Proof of Distinction Between Finite and Infinite Sets Using Subsets

Proof: (related to "Distinction Between Finite and Infinite Sets Using Subsets")

Let $X$ be finite.
By subsets of finite sets, $S$ is finite with $|S| \le |X|.$
Since $S$ is a proper subset, we have even $|S| \neq |X|.$
Therefore, $|S| < |X|.$
By characterization of finite sets (no. $3$), there is no injective function $f:X\to S.$

Assume, $X$ is infinite.
Choose $x_1\in X,$ $x_2\in X\setminus\{x_1\},$ $x_3\in X\setminus\{x_1,x_2\},$ etc.
Since $X$ is infinite, we can continue this process for all indices $i\in\mathbb N$ be mapping $f:\mathbb N\to X,$ $f(i):=x_i.$
By construction, this is an injective function $f:\mathbb N\to X.$
Now, define the function $g:X\to S$ ($S$ being a proper subset of $X$) as follows:
$$g(x):=\begin{cases}x&\text{if }x\in X\setminus \{x_i\mid i\in\mathbb N\}\\x_{i+1}&\text{if }x=x_i\end{cases}$$
By construction, the function $g$ is injective as well.

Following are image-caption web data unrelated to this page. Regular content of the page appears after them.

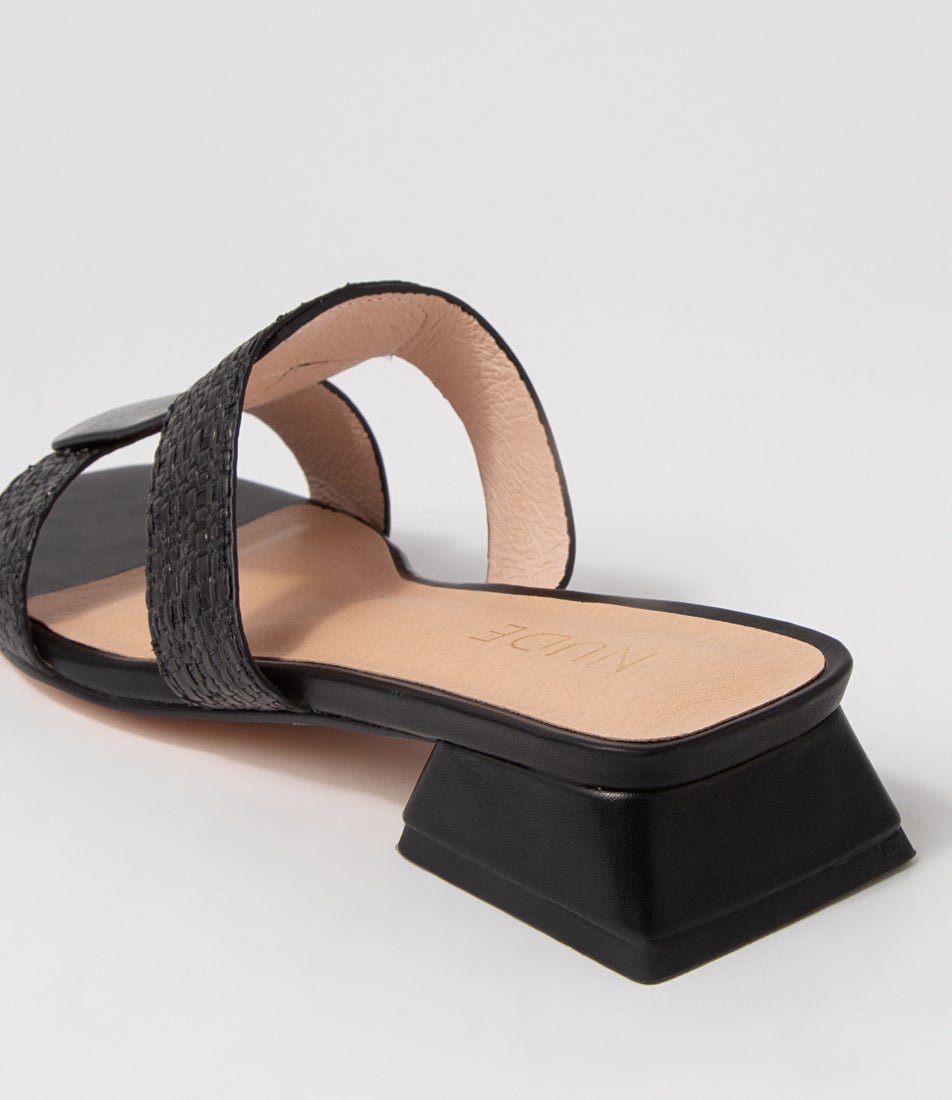 Lorelei Black Leather Raffia Sandals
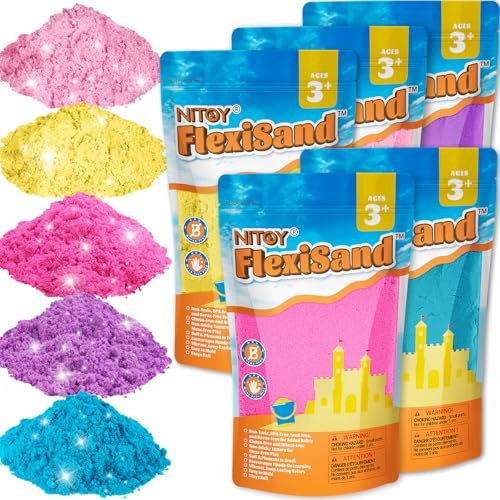 NiToy FlexiSand 5 kg självhäftande formbar sand, torkar aldrig ut, kul för barn från 3 år och uppåt, bulkpåfyllning för sensoriska sandlåda leksaker, idealiskt för att forma, klämma och rulla (11 lbs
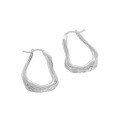 wholesale S925 Sterling Silver Korean Version Ins Indie Design Minimalist Irregular Wave Texture Earrings for Women-0-4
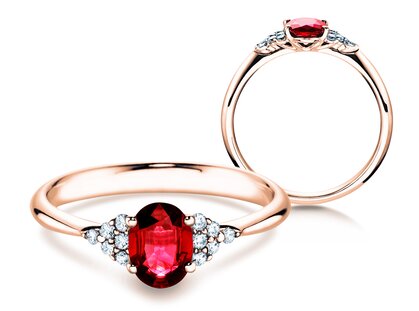 Verlobungsring Vivid in 14K Roségold mit Rubin 1,00ct und Diamanten 0,12ct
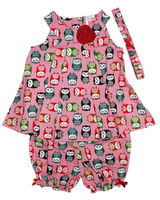 Baby kid set - cute owls on pink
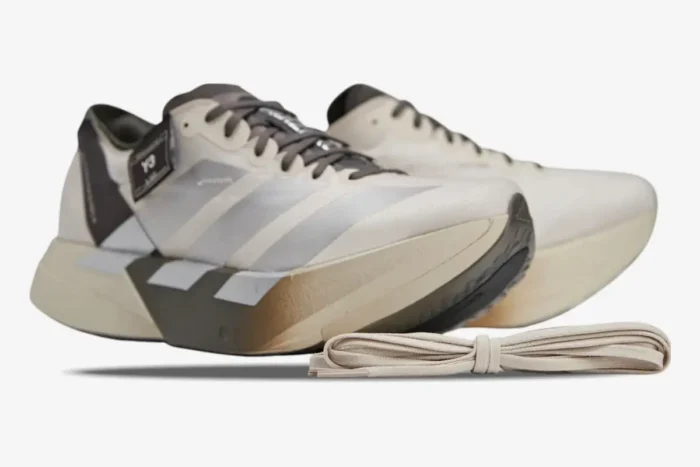 Adidas Adizero Adios Pro 4 x Y-3 Alumina Cinder running shoes, side view with extra laces. - SKU JS3154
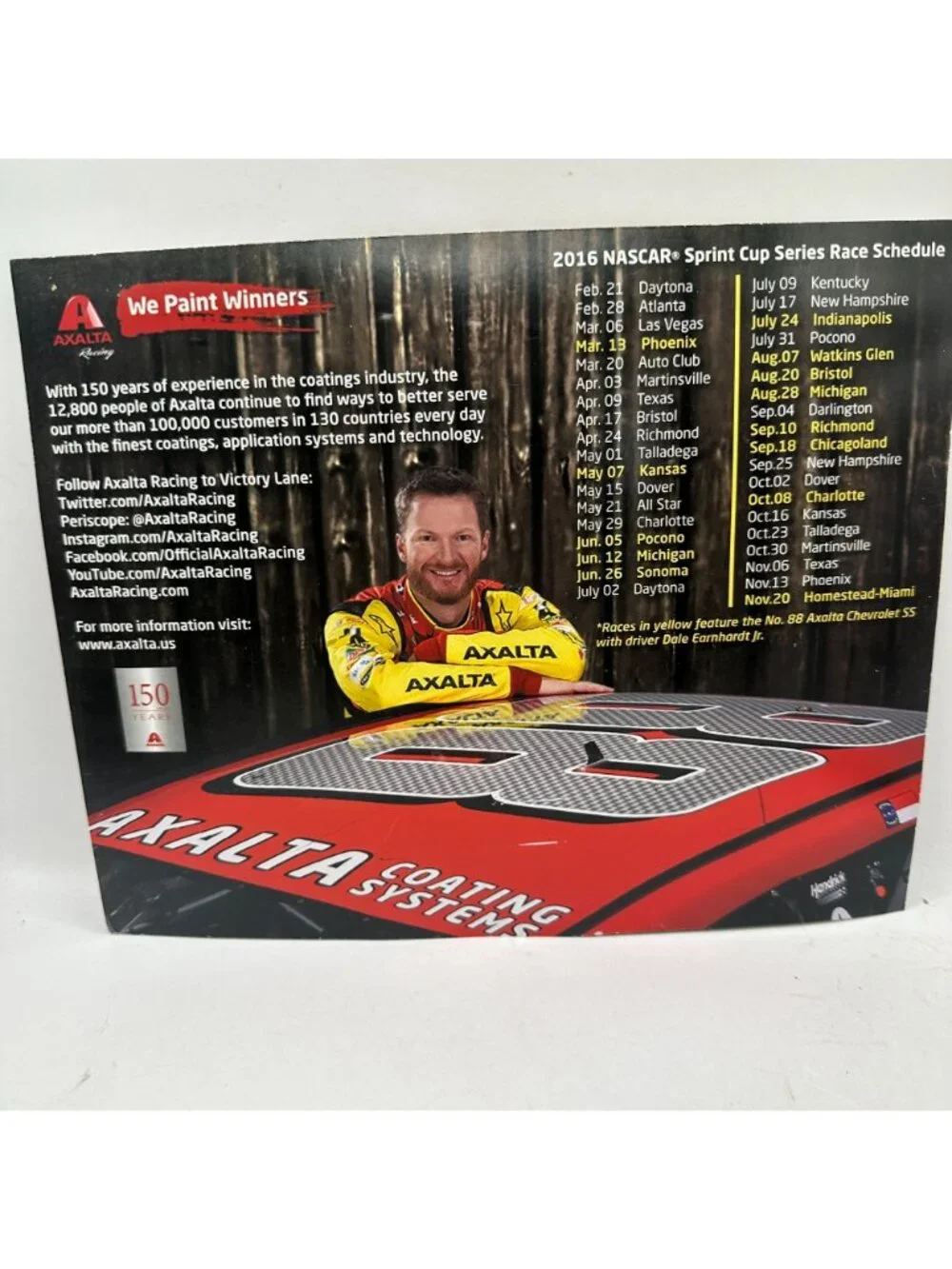 Axalta Racing Dale Earnhardt Jr. 2016 NASCAR Sprint Cup Series Promotional Card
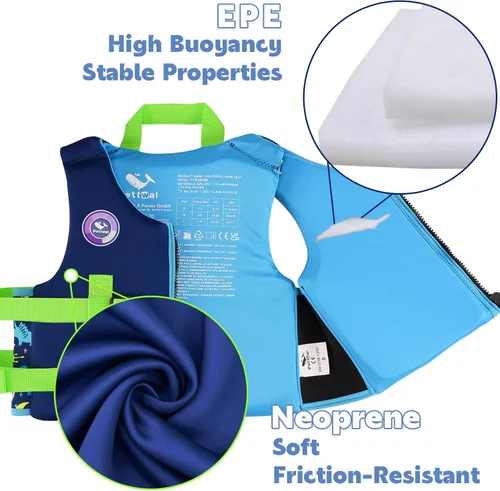 Miniatura 6 de Pottwal Chaleco de natación para niños - Chaqueta de natación - Hecho de neopreno y EPE - con correa ajustable en la entrepierna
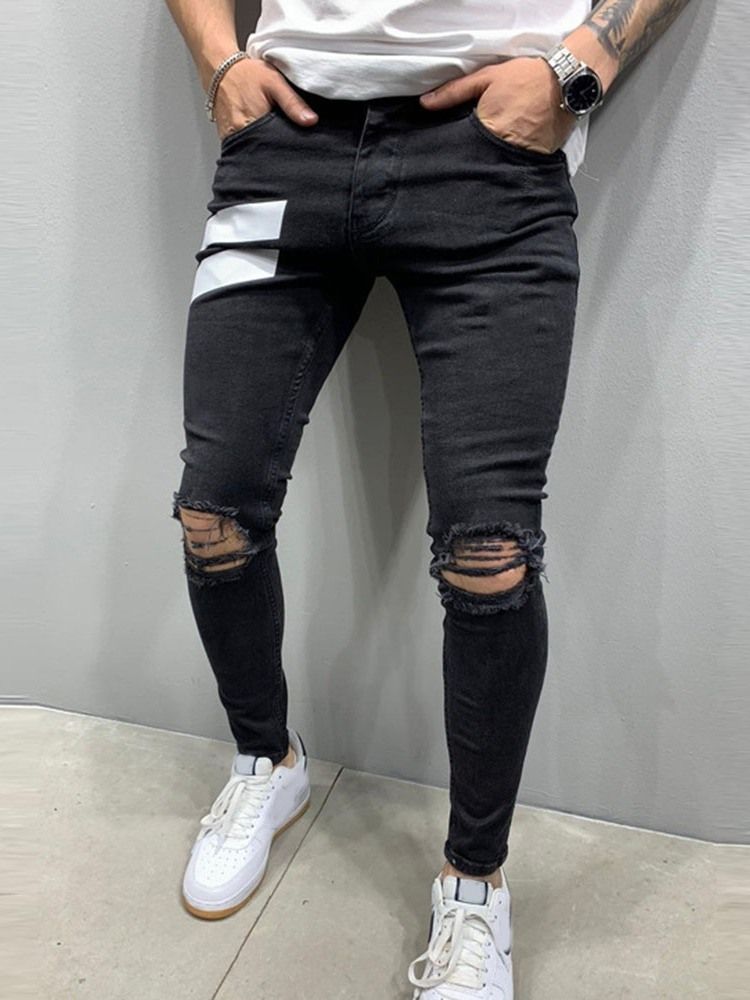 Dragkedja Pencil Byxor Dragkedja Herr Svarta Casual Jeans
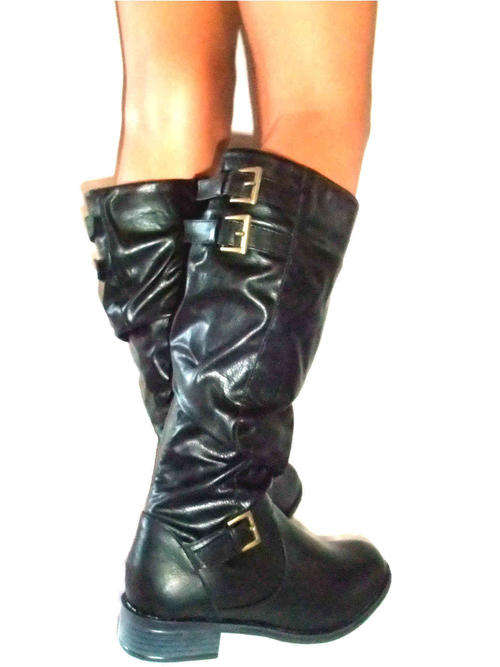 Women's Biker Style Low Heel Boots Size 5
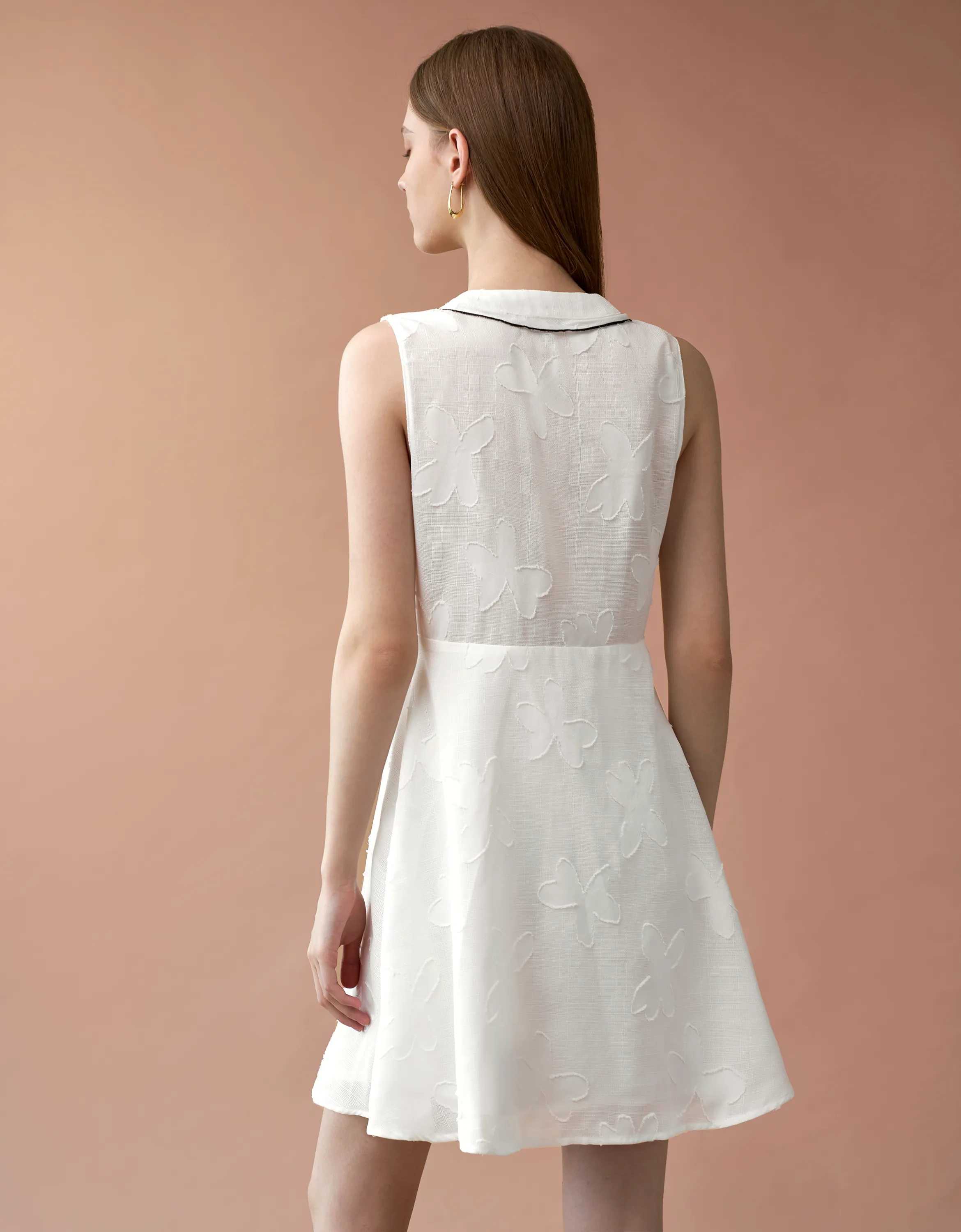 Contrast Trim Ruffle Front Dress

By contraposition to finite case $”\Rightarrow”,$ if there is an injective function $f:X\to S,$ then $X$ is not finite, therefore $X$ is infinite.

By contraposition to the infinite case $”\Rightarrow”,$ if there is no injective function $g:X\to S,$ then $X$ is not infinite, therefore $X$ is finite.

q.e.d